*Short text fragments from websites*
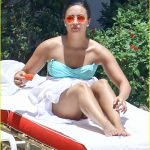 demi-lovato-bikini-pool-miami-07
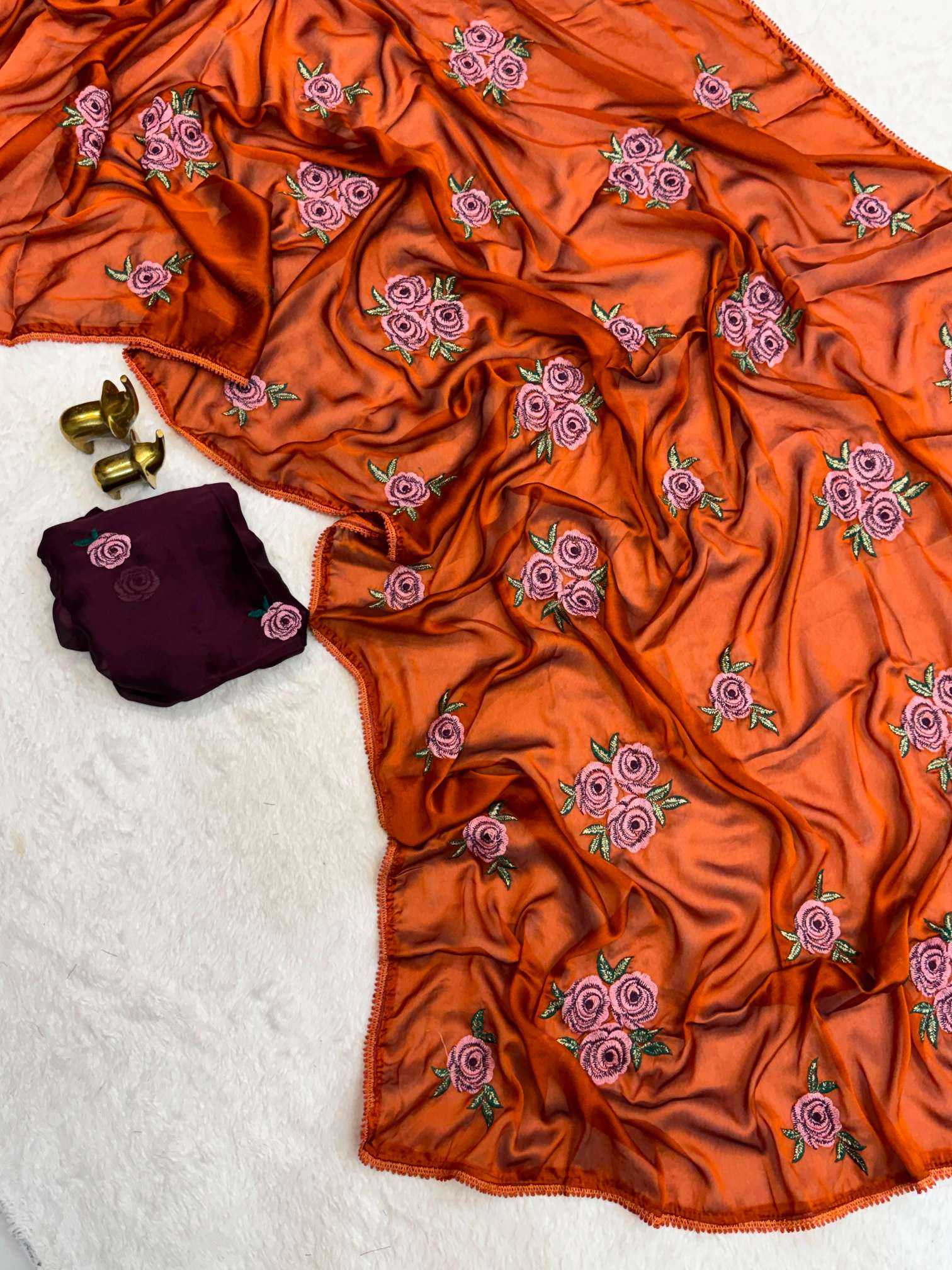 YNF Wholesale Rangoli Silk Designer Silk Sarees  | Surat Manufacturer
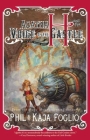 Agatha H. and the Voice of the Castle: Girl Genius, Book Three By Phil Foglio, Kaja Foglio Cover Image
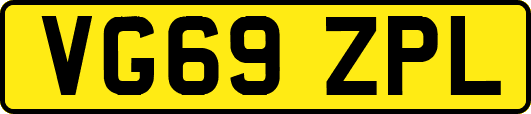 VG69ZPL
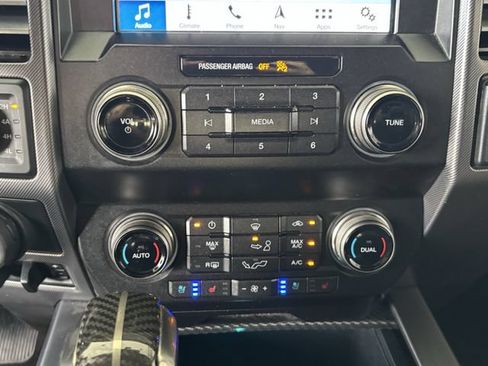 Used 2019 Ford F150 Raptor w/ Equipment Group 802A Luxury AWD/4WD image 20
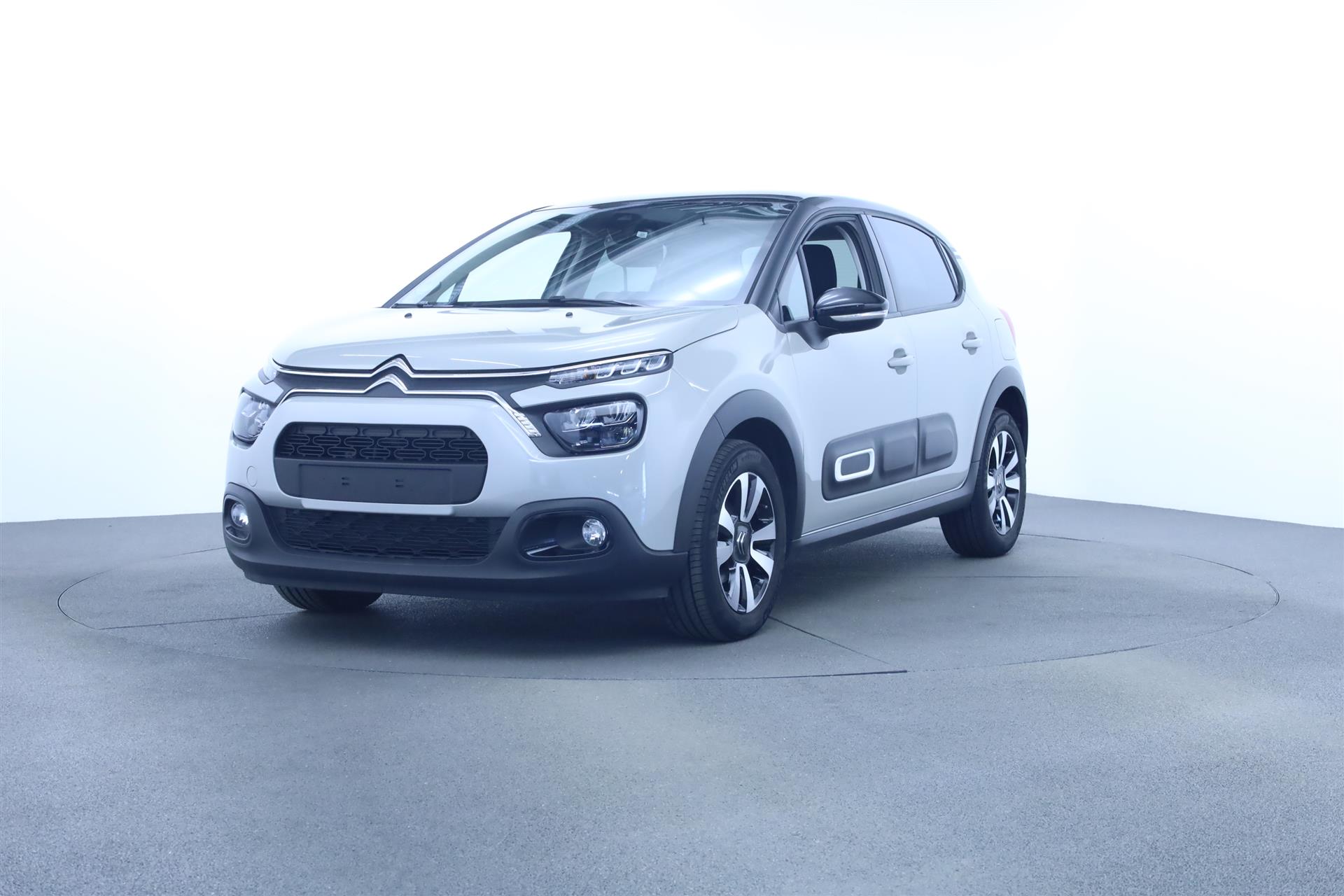 Billede af Citroën C3 1,2 PureTech Shine 83HK 5d
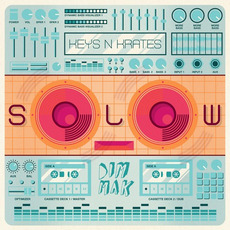SOLOW mp3 Album by Keys N Krates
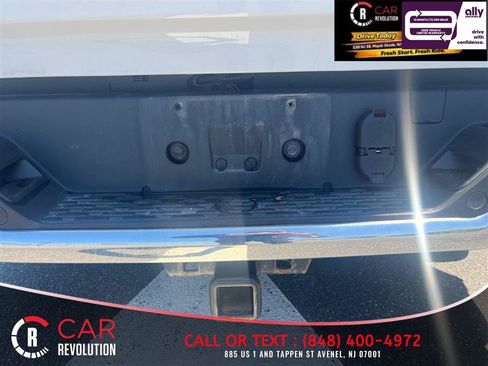 Used 2025 RAM 1500 Big Horn AWD/4WD image 9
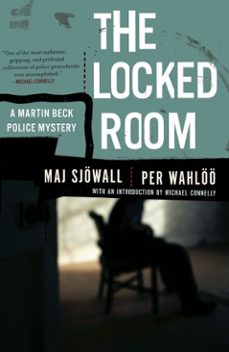 the locked room-per wahloo-9780307772831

*Work instruction*
Leave every picture out and retype exactly the lines of the records above from the one holding "SOLOW mp3 Album by Keys N Krates" through the last, both ends included and nothing besides.

*Exercise response*
SOLOW mp3 Album by Keys N Krates
 Used 2025 RAM 1500 Big Horn AWD/4WD image 9
 the locked room-per wahloo-9780307772831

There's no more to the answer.